If pictures appear among the lines below, leave them out while you return exactly the lines from the one with "Letter of Christopher" through the one with "Christina Porcelain Bavarian".

━━ Data extracts

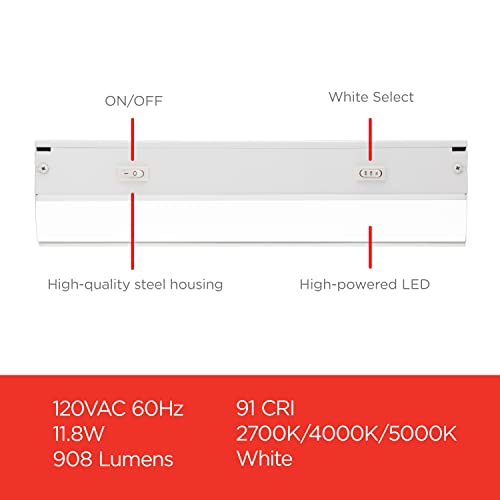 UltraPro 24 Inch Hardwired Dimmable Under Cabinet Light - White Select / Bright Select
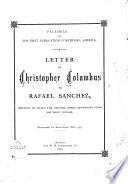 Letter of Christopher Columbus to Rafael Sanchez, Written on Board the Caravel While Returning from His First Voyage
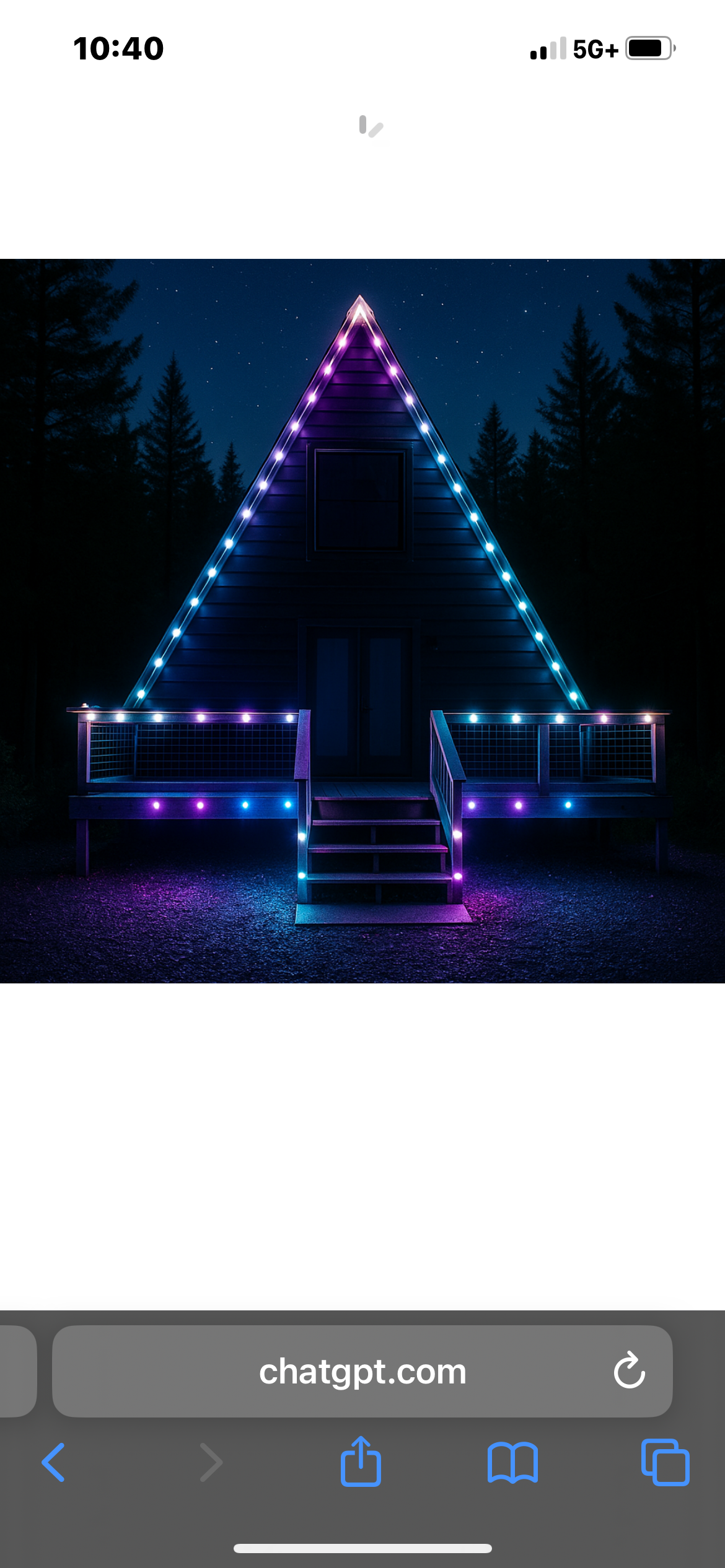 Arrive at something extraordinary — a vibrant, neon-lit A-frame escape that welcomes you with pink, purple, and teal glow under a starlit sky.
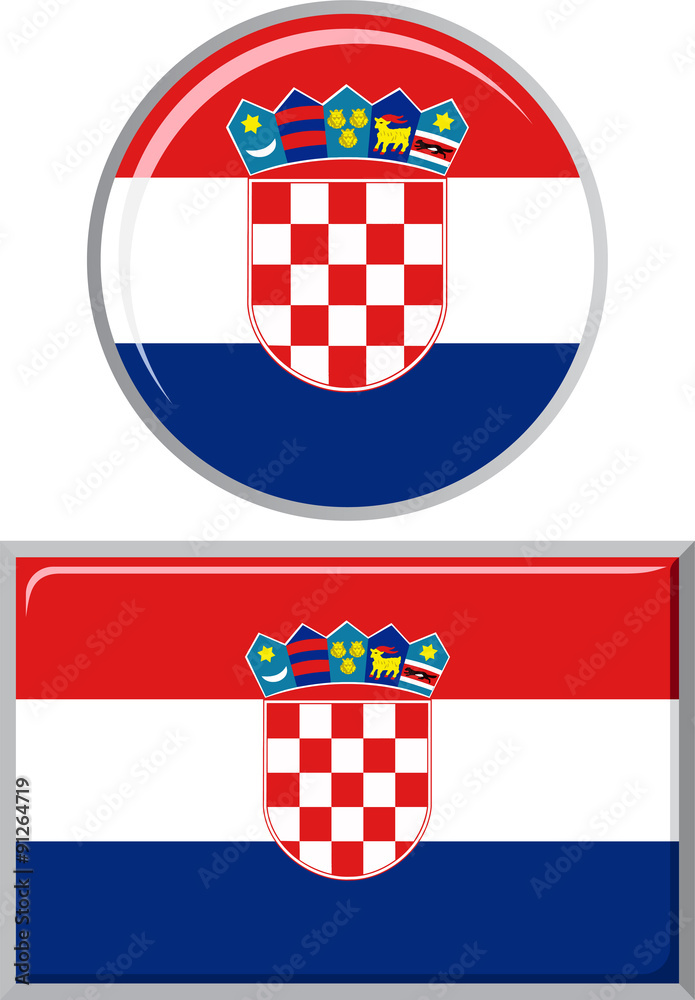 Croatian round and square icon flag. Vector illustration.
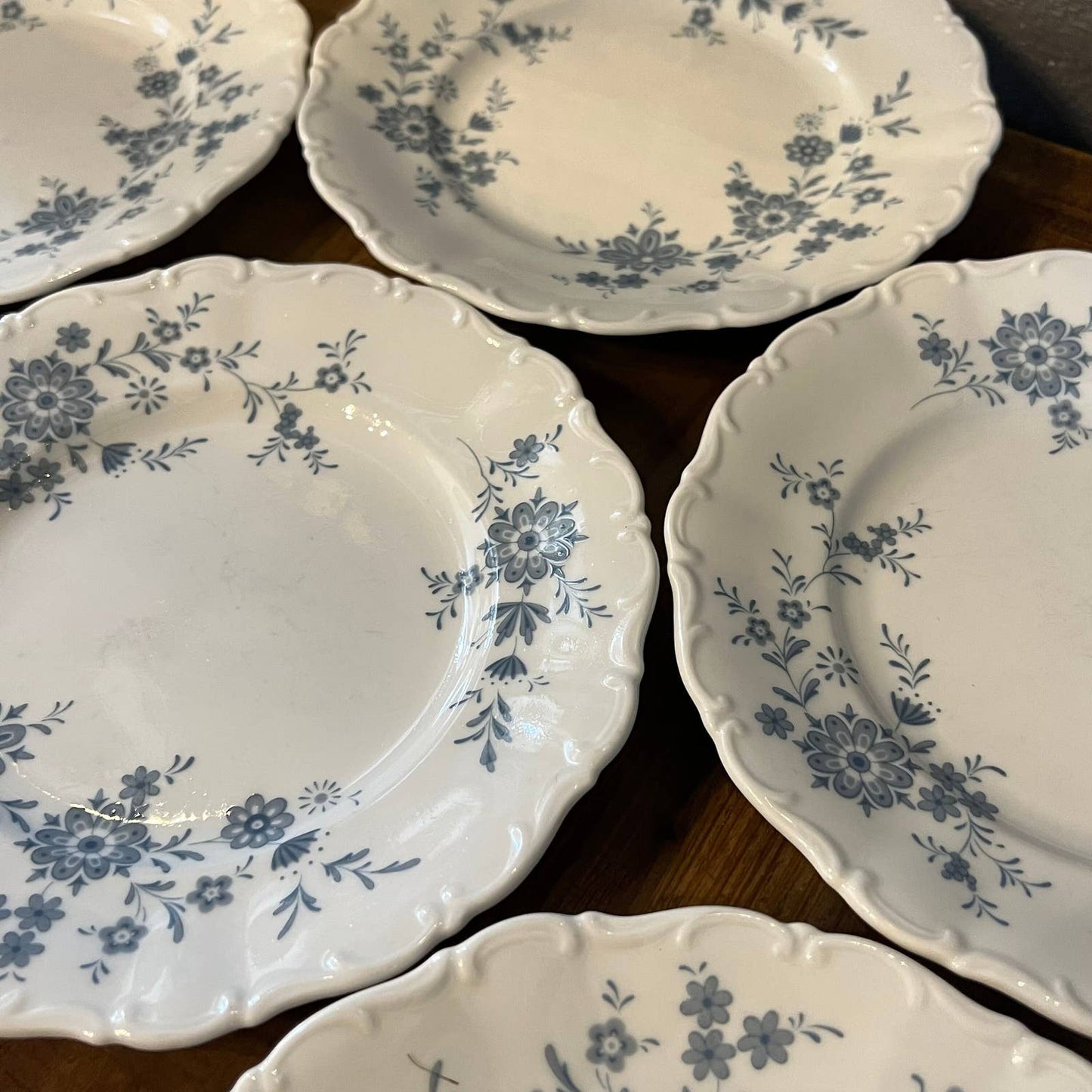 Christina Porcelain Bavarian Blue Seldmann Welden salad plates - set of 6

━━━━
━━ Data extracts

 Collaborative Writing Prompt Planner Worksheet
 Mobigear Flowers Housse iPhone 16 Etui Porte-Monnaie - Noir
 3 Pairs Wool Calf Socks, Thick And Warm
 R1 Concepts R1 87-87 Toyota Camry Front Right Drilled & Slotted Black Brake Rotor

━━━━

__Task solution__
 Letter of Christopher Columbus to Rafael Sanchez, Written on Board the Caravel While Returning from His First Voyage
 Arrive at something extraordinary — a vibrant, neon-lit A-frame escape that welcomes you with pink, purple, and teal glow under a starlit sky.
 Croatian round and square icon flag. Vector illustration.
 Christina Porcelain Bavarian Blue Seldmann Welden salad plates - set of 6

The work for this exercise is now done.